WORK REQUEST: Write down exactly the lines from the one below that has "Άγκιστρο μπάνιου μονό" to the end of the data, both ends included; the pictures should not appear in your copy.

[Records drawn from a dataset]

+++++

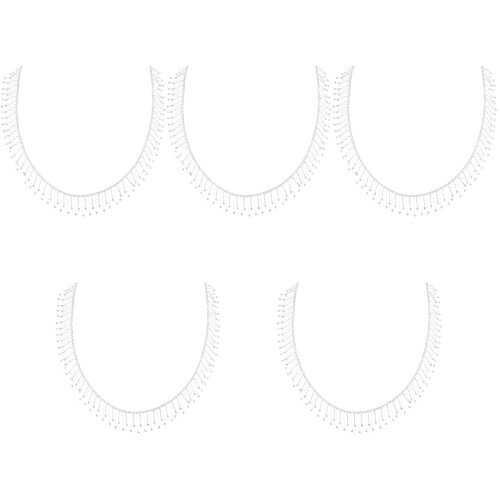 5 Unidades Guarnição De Strass Com Cortável 2
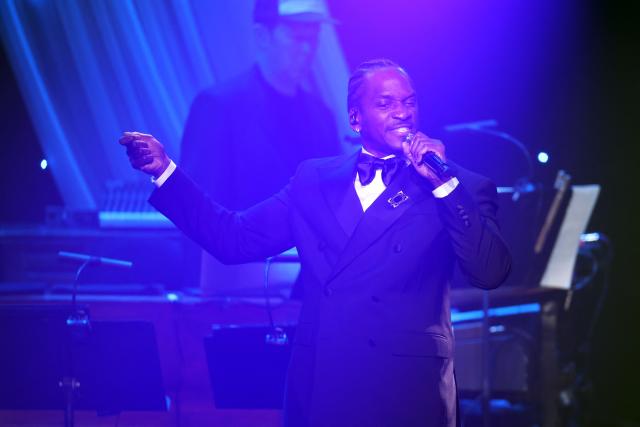 US rapper Pusha T, of the hip hop duo Clipse, performs onstage during the Recording Academy and Clive Davis' Salute To Industry Icons pre-Grammy gala at the Beverly Hilton hotel in Beverly Hills, California on January 31, 2026. (Photo by Patrick T. Fallon / AFP)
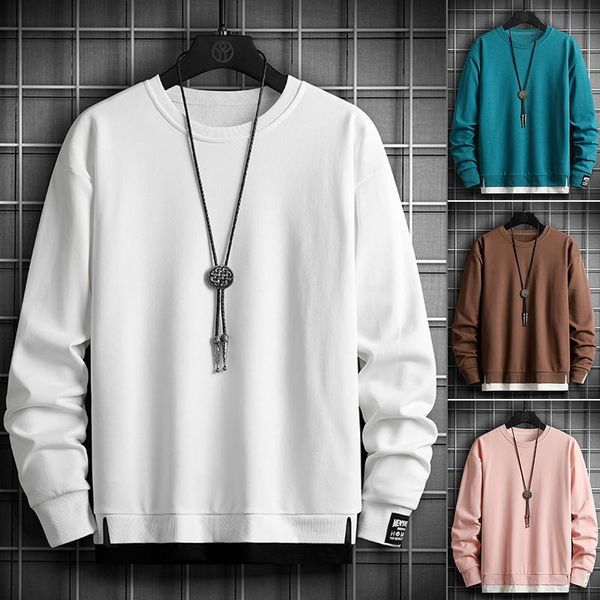 men's hoodies & sweatshirts autumn men casual long sleeve 2021 korean hip hop streetwear loose solid color fake two piece sweatshirt, Black
men's hoodies & sweatshirts autumn men casual long sleeve 2021 korean hip hop streetwear loose solid color fake two piece sweatshirt, Black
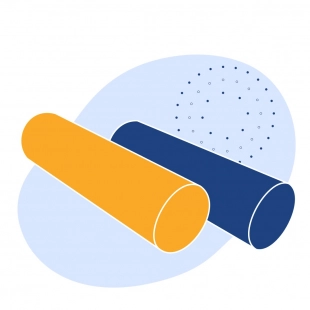 Текстолит стержневой 18x450 мм ГОСТ 5385-74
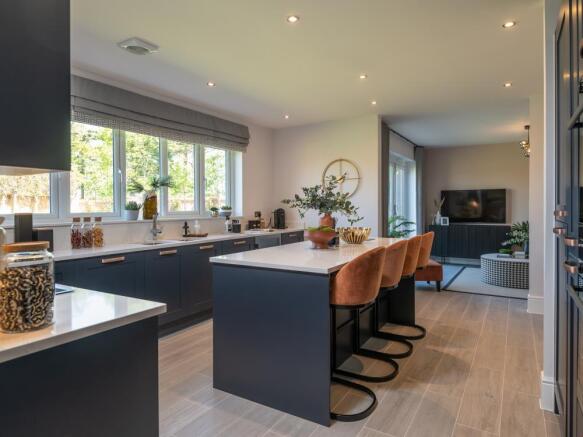 Kitchen of the Richmond, a 4 bedroom house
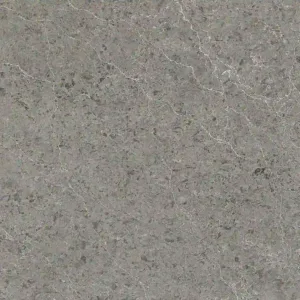 Close-up of CRL Pearl Grey Quartz surface texture
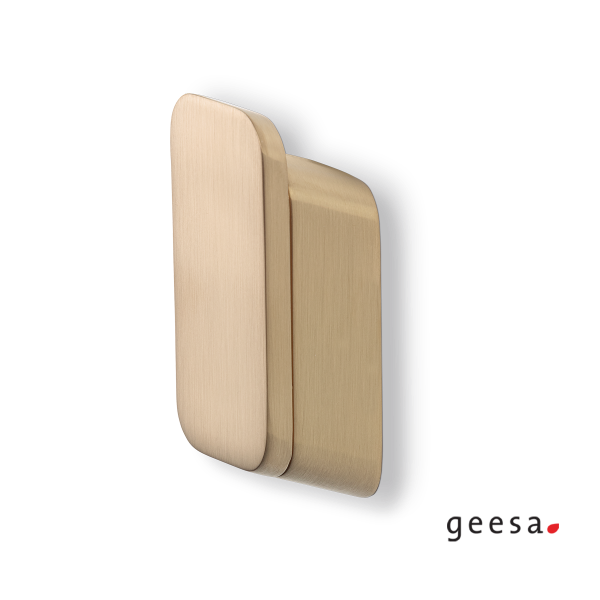 Άγκιστρο μπάνιου μονό medium Shift Geesa Brushed Gold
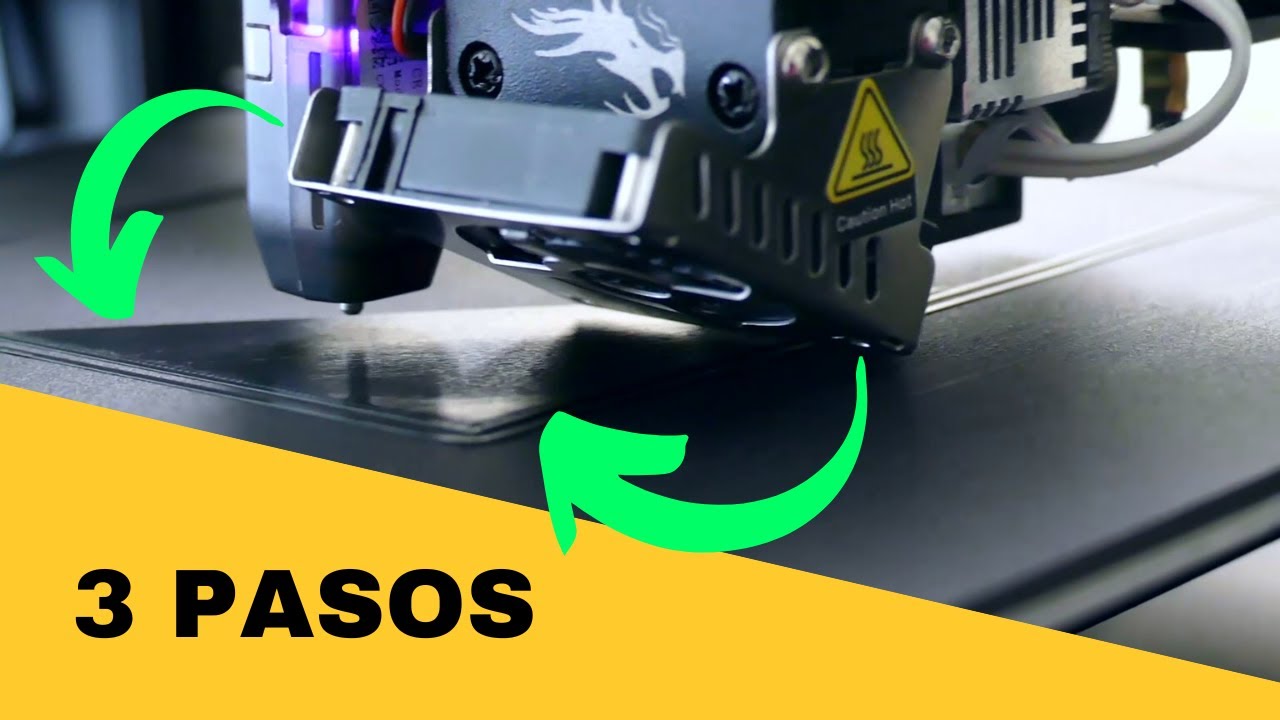 ⚙️ Cómo NIVELAR la CAMA CALIENTE EN en 3 PASOS (Ender 3 S1 y S1 PRO)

+++++

SOLUTION TO THIS TASK:
 Άγκιστρο μπάνιου μονό medium Shift Geesa Brushed Gold
 ⚙️ Cómo NIVELAR la CAMA CALIENTE EN en 3 PASOS (Ender 3 S1 y S1 PRO)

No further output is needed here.